→ Problem:
Could you set down exactly the lines of the data below, starting at the one that holds "Wusthof Crafter 4" and ending at the one that holds "Read online The", both included, and only those?

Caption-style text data
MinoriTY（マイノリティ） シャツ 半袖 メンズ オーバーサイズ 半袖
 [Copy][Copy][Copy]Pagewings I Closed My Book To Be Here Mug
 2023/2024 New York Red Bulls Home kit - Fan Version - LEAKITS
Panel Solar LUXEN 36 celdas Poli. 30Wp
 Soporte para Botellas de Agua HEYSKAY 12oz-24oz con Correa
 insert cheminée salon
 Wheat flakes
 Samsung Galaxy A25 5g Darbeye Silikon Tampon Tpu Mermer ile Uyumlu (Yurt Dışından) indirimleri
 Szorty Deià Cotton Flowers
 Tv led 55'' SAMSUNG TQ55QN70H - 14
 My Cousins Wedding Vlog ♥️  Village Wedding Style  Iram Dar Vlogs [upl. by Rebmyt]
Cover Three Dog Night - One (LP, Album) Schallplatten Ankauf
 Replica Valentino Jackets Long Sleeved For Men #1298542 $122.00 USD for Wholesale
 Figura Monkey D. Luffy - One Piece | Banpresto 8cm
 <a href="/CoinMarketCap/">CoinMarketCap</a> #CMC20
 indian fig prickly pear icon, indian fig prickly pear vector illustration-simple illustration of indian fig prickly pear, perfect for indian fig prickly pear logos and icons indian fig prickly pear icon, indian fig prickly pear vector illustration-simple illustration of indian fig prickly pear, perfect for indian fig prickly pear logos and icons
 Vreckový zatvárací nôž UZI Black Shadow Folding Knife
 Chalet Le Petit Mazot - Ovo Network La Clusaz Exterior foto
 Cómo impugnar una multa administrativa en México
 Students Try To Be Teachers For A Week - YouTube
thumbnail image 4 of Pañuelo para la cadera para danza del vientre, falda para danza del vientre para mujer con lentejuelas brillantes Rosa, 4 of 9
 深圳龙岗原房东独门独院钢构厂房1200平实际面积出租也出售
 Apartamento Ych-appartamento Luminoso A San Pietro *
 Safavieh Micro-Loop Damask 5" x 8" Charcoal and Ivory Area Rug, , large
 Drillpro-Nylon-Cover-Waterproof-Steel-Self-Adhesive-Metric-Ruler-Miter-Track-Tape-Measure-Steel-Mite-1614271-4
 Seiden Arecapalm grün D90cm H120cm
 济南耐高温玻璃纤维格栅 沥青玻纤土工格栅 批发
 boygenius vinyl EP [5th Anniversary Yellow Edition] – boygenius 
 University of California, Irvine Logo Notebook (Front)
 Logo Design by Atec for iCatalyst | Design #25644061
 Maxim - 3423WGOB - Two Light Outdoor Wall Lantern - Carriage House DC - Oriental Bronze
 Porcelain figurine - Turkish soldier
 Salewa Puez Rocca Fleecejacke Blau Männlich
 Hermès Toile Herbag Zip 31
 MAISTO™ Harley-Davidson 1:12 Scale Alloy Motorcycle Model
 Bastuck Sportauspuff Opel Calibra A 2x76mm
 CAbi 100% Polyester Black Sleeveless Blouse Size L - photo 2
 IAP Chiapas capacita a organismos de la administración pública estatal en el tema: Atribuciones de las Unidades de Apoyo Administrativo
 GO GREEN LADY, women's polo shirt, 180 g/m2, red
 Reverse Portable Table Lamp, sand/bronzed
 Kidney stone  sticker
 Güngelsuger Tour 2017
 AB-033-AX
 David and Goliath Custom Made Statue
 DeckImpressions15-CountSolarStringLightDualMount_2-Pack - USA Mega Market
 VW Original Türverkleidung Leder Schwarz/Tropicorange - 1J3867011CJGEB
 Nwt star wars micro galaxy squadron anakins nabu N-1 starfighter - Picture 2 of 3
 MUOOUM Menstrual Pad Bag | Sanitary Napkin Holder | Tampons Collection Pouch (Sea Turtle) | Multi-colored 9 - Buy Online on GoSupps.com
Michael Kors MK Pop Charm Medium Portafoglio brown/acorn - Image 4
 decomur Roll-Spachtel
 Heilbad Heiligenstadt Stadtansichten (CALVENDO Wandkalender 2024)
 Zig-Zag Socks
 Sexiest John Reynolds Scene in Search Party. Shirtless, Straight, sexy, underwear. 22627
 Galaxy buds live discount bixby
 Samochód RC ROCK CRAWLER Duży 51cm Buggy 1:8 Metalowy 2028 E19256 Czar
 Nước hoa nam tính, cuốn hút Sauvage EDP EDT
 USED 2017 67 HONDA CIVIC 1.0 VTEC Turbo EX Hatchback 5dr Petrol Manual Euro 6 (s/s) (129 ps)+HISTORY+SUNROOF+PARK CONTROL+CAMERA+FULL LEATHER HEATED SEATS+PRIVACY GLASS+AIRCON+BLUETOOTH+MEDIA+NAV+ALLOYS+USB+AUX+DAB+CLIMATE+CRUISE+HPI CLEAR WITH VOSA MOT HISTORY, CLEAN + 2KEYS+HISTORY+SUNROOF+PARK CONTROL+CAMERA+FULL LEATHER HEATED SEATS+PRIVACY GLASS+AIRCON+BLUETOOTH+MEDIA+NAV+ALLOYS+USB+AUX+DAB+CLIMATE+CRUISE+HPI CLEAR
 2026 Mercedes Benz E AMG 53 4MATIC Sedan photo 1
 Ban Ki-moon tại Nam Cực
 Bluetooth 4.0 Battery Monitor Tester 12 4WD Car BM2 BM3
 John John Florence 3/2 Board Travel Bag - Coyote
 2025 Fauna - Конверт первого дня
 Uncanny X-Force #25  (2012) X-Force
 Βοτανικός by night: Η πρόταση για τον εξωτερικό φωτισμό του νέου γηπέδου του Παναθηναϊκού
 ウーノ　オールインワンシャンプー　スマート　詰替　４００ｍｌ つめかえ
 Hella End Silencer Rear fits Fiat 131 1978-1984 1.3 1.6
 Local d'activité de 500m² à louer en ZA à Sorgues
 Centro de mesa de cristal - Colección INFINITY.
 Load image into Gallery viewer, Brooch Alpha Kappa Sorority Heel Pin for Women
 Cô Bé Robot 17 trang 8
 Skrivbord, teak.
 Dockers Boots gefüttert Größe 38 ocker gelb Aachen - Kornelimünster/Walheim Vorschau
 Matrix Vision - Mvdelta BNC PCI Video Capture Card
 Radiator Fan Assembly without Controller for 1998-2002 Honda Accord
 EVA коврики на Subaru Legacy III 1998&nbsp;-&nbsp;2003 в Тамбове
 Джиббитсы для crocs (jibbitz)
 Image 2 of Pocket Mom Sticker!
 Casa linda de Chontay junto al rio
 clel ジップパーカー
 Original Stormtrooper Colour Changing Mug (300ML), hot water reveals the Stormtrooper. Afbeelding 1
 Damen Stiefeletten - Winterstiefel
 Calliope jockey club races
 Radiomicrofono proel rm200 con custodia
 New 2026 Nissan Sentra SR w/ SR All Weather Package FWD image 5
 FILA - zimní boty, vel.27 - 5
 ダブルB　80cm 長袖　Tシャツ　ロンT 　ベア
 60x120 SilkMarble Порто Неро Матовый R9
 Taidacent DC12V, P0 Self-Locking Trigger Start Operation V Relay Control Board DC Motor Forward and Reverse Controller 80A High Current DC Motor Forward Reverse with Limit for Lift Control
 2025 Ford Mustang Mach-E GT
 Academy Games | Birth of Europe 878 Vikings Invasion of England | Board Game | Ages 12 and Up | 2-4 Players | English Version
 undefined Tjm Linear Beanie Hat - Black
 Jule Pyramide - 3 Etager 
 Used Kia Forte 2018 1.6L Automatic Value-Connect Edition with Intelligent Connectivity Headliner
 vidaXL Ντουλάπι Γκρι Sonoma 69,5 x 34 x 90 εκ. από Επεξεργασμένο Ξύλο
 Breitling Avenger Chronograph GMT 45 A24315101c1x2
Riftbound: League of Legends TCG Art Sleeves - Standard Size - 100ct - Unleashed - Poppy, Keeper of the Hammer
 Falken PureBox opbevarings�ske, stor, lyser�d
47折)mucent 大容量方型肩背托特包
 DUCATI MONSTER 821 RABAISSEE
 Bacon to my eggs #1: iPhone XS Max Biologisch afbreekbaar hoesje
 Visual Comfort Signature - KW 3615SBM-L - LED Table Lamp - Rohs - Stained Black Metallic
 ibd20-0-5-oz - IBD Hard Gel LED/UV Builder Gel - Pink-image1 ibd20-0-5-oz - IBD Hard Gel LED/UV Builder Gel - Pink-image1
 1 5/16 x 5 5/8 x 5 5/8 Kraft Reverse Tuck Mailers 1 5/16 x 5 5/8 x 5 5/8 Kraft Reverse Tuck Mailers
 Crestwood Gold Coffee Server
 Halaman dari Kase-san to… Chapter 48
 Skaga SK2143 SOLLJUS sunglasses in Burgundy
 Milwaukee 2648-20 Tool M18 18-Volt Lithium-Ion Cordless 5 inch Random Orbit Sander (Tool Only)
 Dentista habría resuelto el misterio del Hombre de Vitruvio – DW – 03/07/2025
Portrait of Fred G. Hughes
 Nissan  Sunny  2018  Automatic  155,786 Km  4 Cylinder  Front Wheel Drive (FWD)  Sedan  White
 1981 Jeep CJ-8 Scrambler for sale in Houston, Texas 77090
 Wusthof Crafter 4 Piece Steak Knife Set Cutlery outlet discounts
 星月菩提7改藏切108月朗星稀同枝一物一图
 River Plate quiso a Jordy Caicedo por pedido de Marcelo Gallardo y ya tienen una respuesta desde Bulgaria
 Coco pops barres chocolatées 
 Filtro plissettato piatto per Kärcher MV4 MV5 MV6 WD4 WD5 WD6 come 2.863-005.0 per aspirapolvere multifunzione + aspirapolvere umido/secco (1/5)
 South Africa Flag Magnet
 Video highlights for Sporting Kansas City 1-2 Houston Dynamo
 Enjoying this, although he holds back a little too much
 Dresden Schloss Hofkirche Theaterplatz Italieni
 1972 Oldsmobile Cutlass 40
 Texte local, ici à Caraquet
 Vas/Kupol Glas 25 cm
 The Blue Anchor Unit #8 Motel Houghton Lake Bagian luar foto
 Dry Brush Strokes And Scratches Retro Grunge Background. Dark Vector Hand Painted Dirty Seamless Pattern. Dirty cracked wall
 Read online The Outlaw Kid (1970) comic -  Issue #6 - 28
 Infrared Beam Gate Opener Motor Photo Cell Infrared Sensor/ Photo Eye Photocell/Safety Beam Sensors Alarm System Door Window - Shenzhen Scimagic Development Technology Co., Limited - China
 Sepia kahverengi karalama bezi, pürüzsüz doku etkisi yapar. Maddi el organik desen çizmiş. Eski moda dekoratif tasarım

→ Your solution:
 Wusthof Crafter 4 Piece Steak Knife Set Cutlery outlet discounts
 星月菩提7改藏切108月朗星稀同枝一物一图
 River Plate quiso a Jordy Caicedo por pedido de Marcelo Gallardo y ya tienen una respuesta desde Bulgaria
 Coco pops barres chocolatées 
 Filtro plissettato piatto per Kärcher MV4 MV5 MV6 WD4 WD5 WD6 come 2.863-005.0 per aspirapolvere multifunzione + aspirapolvere umido/secco (1/5)
 South Africa Flag Magnet
 Video highlights for Sporting Kansas City 1-2 Houston Dynamo
 Enjoying this, although he holds back a little too much
 Dresden Schloss Hofkirche Theaterplatz Italieni
 1972 Oldsmobile Cutlass 40
 Texte local, ici à Caraquet
 Vas/Kupol Glas 25 cm
 The Blue Anchor Unit #8 Motel Houghton Lake Bagian luar foto
 Dry Brush Strokes And Scratches Retro Grunge Background. Dark Vector Hand Painted Dirty Seamless Pattern. Dirty cracked wall
 Read online The Outlaw Kid (1970) comic -  Issue #6 - 28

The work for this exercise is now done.